The Bulls trade isn't terrible, because I do believe Fizer could be a decent player but why would we need another PF? We don't even get rid of Howard and our PF logjam would not be solved with Gooden, Howard and Fizer having to split minutes at the 4 unless Fizer tries, and fails, to be a 3. I don't see this trade making any sense whatsoever. If we get the first pick this year, chance has it that we will presumably, and hopefully, pick up one of the two big men out of Emeka and Dwight. The Magic will presumably try to play either at the Center position, but if they fail we'll have an even larger problem with the 4 spot.

I do believe that Emeka could play the center position, even though he is undersized in height. I haven't seen enough of Howard to predict his position.

The Magic still hold the worst level, and at this rate the most exciting part of the season will come when we find out whether or not we have the top draft pick for 2004.


----------



## hobojoe (Jun 20, 2003)

Quote from a Realgm Poster:



> The so-called deal between Orlando and Chicago has gone down, but won't be officially announced till either Monday or Tuesday.
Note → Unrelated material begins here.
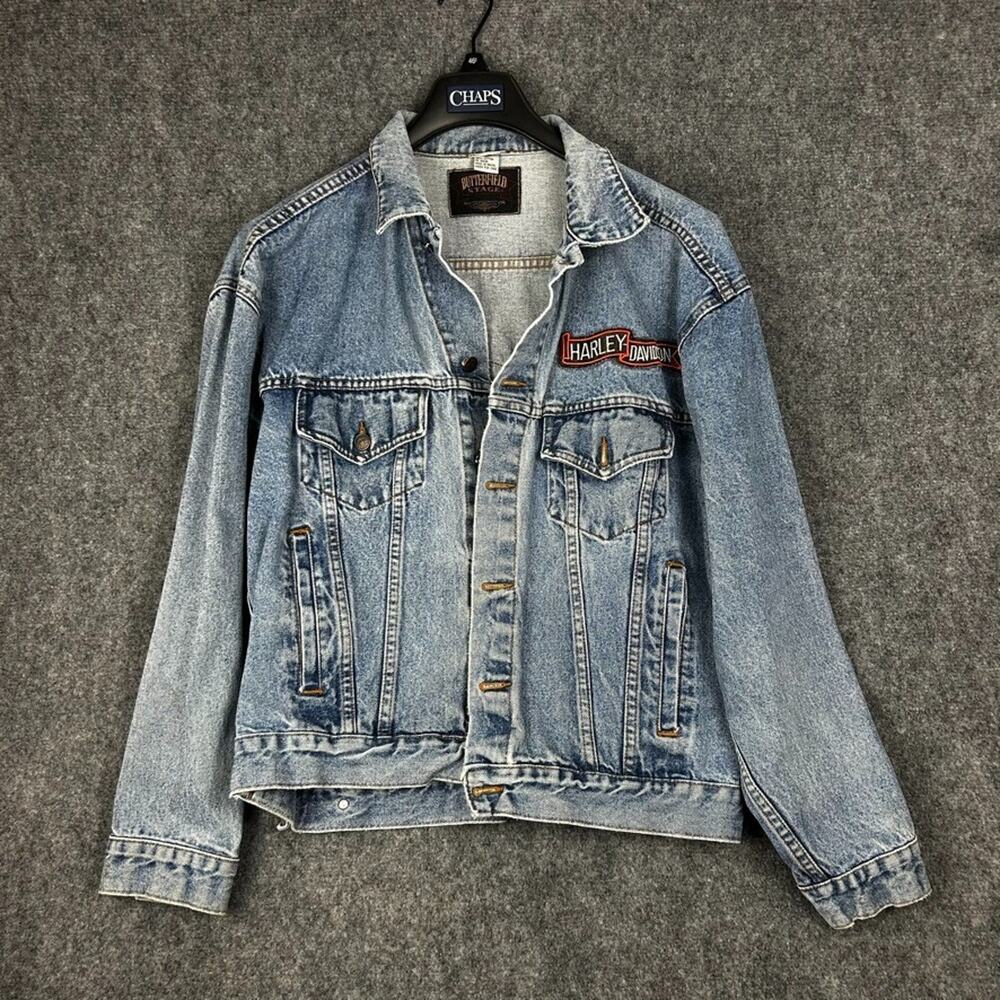 Vtg Butterfield Stage Denim Jacket L 100% Cotton Jean Coat Harley Davidson Logo
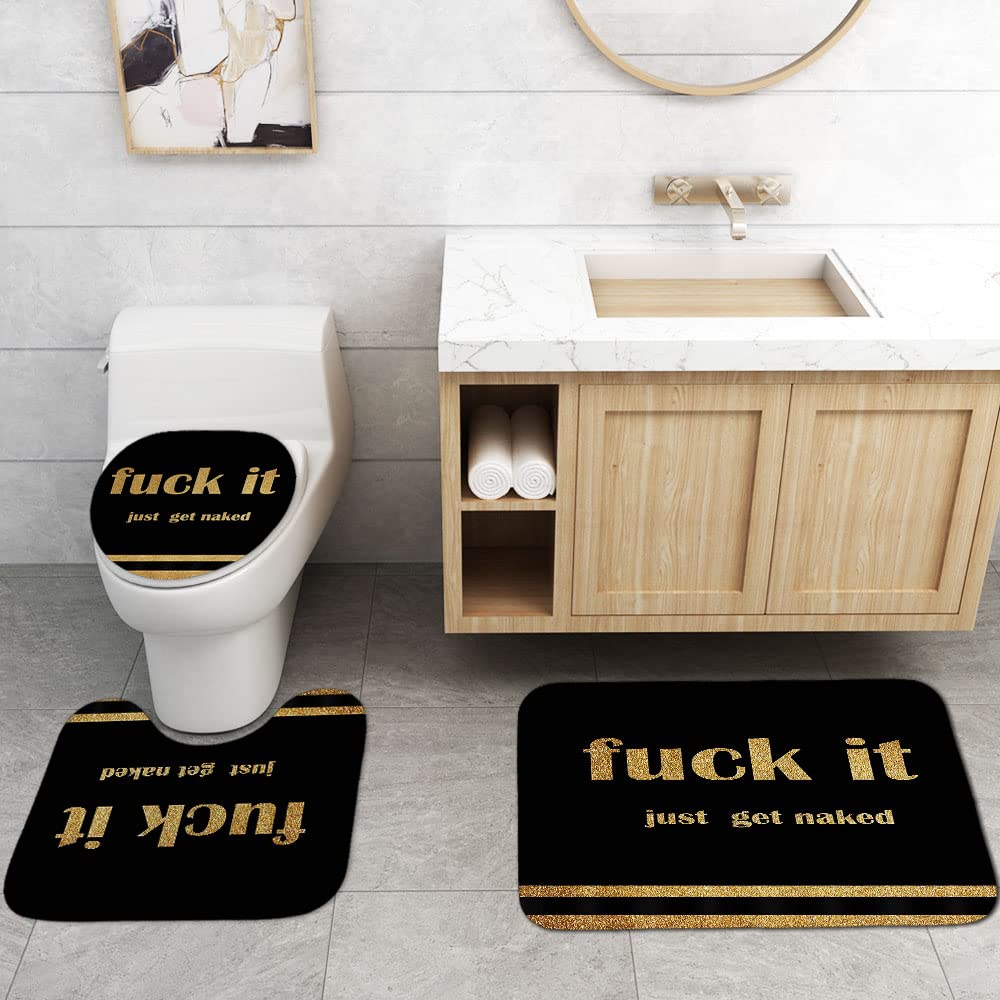 4PCS Sexy Black Girl Magic Shower Curtain Set,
The reason is a deal can't officially be announced over the weekend. This was heard by me while driving home on ESPN radio by a report from Chicago.
> 
> 
> It has the Bulls sending Fizer to Orlando, and the Magic sending Giricek,Ty Lue and Shammond Williams to the Bulls. The supposedly a deal with the Sixers would send Juwan Howard and Steven Hunter to Philly for Eric Snow,John Salmons AND McCaskill. No Rod Strickland in this deal according to the radio. It also said that a draft pick might be involved in going to Philly. But they didn't specify. Didn't we get a 2nd rounder from them recently in the Monty Williams deal ? Maybe this deal..( If you believe the report )..will clarify that pick we received from them, who knows.


Interesting...Can anyone confirm this, or did anyone hear it on ESPN Radio? I think after both of these trades, we get better overall, and I like the way our team looks after this.

Snow-Strickland, Gaines
McGrady-Salmons
Bogans-(Fizer)
Gooden-Fizer
Pachulia-McCaskill, DeClercq


----------



## JNice (Jul 13, 2002)

> Originally posted by <b>rukahS capuT</b>!
> Quote from a Realgm Poster:
> 
> 
> ...


I dont mind Fizer for Giricek. The Philly trade would be decent as well. If true, I hope somehow Gabe managed to get Dalembert in the deal.


----------



## lw32 (May 24, 2003)

> Originally posted by <b>JNice</b>!
> I dont mind Fizer for Giricek. The Philly trade would be decent as well. If true, I hope somehow Gabe managed to get Dalembert in the deal.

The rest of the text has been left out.